- Founded: 1995; 30 years ago
- Location: Ann Arbor, Michigan
- Website: www.michiganpops.org

= University of Michigan Pops Orchestra =

Orchestra in Ann Arbor, Michigan

The Michigan Pops Orchestra is a pops orchestra made up of students at the University of Michigan at Ann Arbor. Of the several orchestras at the University of Michigan, it is the only one that is entirely student-run and student-directed.

==The Michigan Pops Orchestra history==
The Michigan Pops Orchestra is the oldest student-run, student-directed collegiate pops orchestra in the United States. It was started in 1995 by University of Michigan student Warren Hsu, and formally established at the university years later.

The shows often include antics and multimedia effects. The orchestra attempts to bring as wide a range of audience members as possible so that regardless of classical background, everyone can enjoy the show.

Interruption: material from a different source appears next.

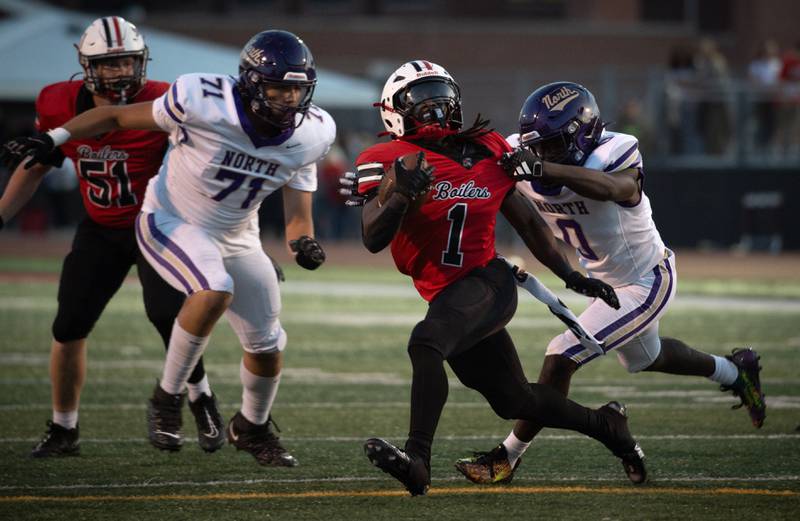 Bradley-Bourbonnais' Kyren Edmon carries the ball on a play as T.F. North's Derrick Sparkman, right, attempts to tackle in a game on Friday, August 29, 2025.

The Michigan Pops Orchestra performs at the historic Michigan Theater and is supported by the University Activities Center (UAC).

==Student run, student directed==
The orchestra has an open auditions policy and features students from the College of Literature, Science and the Arts, College of Engineering, and the schools of Nursing, Music, and Business.

The Michigan Pops Orchestra has grown significantly. Beginning with just a few board members and a small group of musicians looking to play without the stress, the Michigan Pops Orchestra has blossomed into a full orchestra with a fourteen-member board.